Even though none of it is for you, it’s still cool to stand in the middle of a big-league baseball diamond and hear people cheer.
At one point Mike Moustakas stood at home plate wearing ski goggles and a champagne-soaked T-shirt and screamed at no one in particular: “I LOVE WINNING!”
Hey, who doesn’t?
I walked over and Moose gave me a hug that made me wetter than I already was. I then looked down and realized where Mike and I were standing and said that this was the first time I’d ever stood at home plate.
Moose said: “Don’t get used to it.”
As a joke I started doing that thing some baseball fans do: “Y’know, I was a pretty good ballplayer in high school.” (Actually, I wasn’t. I played football not baseball, but that’s another story.) Mike laughed and said: “It’s a jungle out here, Lee, you don’t want any part of it” and then wandered off to find more people to hug.
Eric Hosmer walked by and asked if I had my passport. I do.
Luke Hochevar and I talked about the bad old days — when the Royals were losing and Luke was getting booed — and how awesome it was to see the team turn around and bring a city together.
I asked Lorenzo Cain if he’d found the bat yet; Lorenzo hasn’t been satisfied with his game bat for some time and has been looking for one he likes.
Lorenzo said no, but the bat he used on Wednesday had “found the triangle.” The LoCain Triangle is behind the second baseman and between the right and centerfielders. Lorenzo dumps a bunch of softly-hit balls in there and that keeps his average up.

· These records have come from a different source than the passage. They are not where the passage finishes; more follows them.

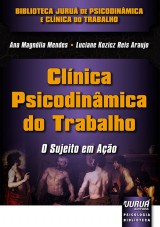 Capa do livro: Clnica Psicodinmica do Trabalho  O Sujeito em Ao, Ana Magnlia Mendes e Luciane Kozicz Reis Araujo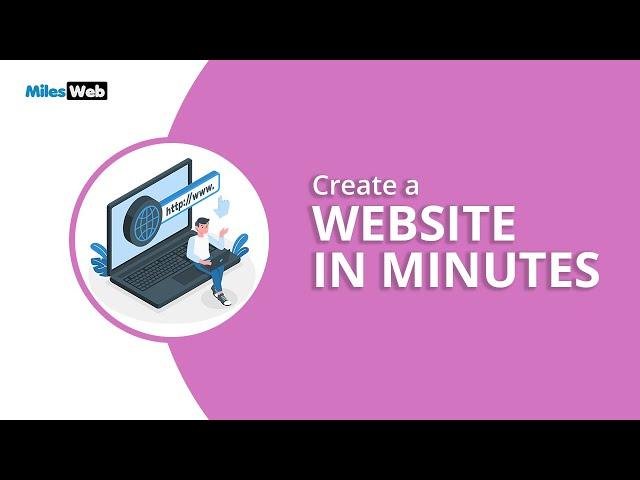 Create a Website in Minutes | MilesWeb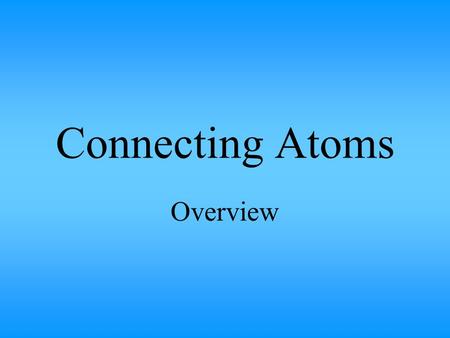 Connecting Atoms Overview.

We then agreed if the bat was lucky, it didn’t have to be a great bat. You just keep using it as long as you’re lucky with it.
Later I met Rusty Kuntz’s wife and during the conversation she mentioned that she was the one that cuts Rusty’s hair, and he needs a haircut but won’t get one while the team is winning.
And that brings us to you, the fans.
For God’s sake, don’t jinx them
According to baseball superstition, whenever you’re going good you don’t change anything.
You don’t know why you’re going good — it might be a new bat, your haircut or what you ate for lunch — and since you don’t know what is working, you keep doing everything the same.
When the Royals had that amazing eighth-inning rally on Monday, I was watching the game with other Star employees. Some people started to get up to leave and I told them to sit back down; the Royals had a rally going and you don’t screw around with a rally.
When I told that story to Hochevar he nodded approvingly. He liked that I was doing what I could to help the Royals win.
So now it’s on you: the Kansas City Royals fans.
Whatever you did on Wednesday — the way you drove to work, what you ate for lunch, the shirt you decided to wear — you have to do again on Friday. If you don’t, you might jinx the team. I don’t know for sure you’d jinx the team, but why take the chance?
If you’re a real Royals fan you do everything the same; do not deviate from Wednesday’s pattern.
Now if you’ll excuse me, I’ve got a wet golf shirt to put on.